I guess it wouldn't have worked with the level structure, though. Once you enter a level there's no way to leave it, so they'd have to redo the whole powerup system. And they should redo the whole powerup system because it's not that great.



C-c-c-combo!
The best part of Jill of the Jungle for me is actually the sound. I went to the trouble of downloading all the level themes in mp3 from Youtube--my favorite is probably Dan, the track used for the castle maps--but even the sound effects are pretty neat. I can see how they would be annoying for some people, but I actually like the sproing sound when she jumps and the heavy thud when she lands.

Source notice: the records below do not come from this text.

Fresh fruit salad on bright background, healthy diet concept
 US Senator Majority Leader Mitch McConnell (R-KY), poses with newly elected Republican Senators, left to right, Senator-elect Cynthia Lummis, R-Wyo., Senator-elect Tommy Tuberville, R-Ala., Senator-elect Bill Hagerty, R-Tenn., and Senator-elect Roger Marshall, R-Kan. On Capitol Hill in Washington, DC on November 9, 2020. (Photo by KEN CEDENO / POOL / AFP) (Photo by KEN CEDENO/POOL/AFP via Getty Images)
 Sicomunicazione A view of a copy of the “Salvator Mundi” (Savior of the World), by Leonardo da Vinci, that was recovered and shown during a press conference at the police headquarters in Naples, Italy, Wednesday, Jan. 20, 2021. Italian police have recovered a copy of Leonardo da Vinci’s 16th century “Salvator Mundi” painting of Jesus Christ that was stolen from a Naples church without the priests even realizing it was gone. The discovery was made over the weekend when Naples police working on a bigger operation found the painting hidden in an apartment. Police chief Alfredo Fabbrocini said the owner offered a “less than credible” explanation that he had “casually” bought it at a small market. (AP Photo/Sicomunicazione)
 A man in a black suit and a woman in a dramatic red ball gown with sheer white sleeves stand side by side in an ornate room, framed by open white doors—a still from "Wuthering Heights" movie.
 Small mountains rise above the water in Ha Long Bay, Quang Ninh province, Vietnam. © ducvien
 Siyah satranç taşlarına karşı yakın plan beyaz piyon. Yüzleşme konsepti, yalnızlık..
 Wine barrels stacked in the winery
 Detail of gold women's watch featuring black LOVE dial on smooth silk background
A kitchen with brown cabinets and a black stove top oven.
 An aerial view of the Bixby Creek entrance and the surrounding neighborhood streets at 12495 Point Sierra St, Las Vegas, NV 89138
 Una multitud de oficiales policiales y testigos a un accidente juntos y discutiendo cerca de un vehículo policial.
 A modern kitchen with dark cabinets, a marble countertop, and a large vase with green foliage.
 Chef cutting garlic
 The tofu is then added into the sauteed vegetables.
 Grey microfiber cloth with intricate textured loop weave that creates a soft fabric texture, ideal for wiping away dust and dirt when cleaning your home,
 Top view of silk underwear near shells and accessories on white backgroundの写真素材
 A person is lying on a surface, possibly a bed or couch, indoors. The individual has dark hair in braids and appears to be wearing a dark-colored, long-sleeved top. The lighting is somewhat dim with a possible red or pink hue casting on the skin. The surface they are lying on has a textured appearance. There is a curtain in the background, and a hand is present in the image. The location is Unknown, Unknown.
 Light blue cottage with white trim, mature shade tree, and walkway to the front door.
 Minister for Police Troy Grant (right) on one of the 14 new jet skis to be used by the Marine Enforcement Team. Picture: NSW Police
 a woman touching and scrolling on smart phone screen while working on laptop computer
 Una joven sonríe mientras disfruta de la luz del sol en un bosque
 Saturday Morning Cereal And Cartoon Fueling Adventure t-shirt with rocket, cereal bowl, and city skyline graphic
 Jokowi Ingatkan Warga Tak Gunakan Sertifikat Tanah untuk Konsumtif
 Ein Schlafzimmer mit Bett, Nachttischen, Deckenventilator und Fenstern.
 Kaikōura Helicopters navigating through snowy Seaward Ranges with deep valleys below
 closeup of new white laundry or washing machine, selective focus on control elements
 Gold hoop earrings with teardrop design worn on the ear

The heavy thud coupled with the slight pause on impact helps give her jumps a sense of weight, which, while it doesn't entirely make up for the clumsy controls, does help mitigate it a bit.

But other than that, Jill of the Jungle is a middling game that I primarily love due to nostalgia. With a bit more time in the oven, it could have been a pretty good platformer. And from poking around YouTube, it looks like the second and third games in the series have better implementations of some of these ideas, like better implementation of the transformations, more challenging enemies, and Jill of the Jungle 3 actually has an overworld instead of the "map" you can see in the first screenshot and enemies that don't all die in a single hit.



#doom
Those weren't shareware games, though, so it's perhaps understandable that Jill of the Jungle is a bit underbaked. I remember being incensed as a kid that the shareware version of Doom didn't have the plasma rifle or the BFG, but it makes sense. Reel them in with the shareware and then give them reasons to buy the full version. And I do have copies of Jill of the Jungle 2 and 3 now, so maybe after all these years I can give them a try without a patina of nostalgia to color my impressions.

Though really, Jill of the Jungle is pretty much exactly as I remember it. It's just that now, I've played all those 16-bit console platformers, so I know what I was missing.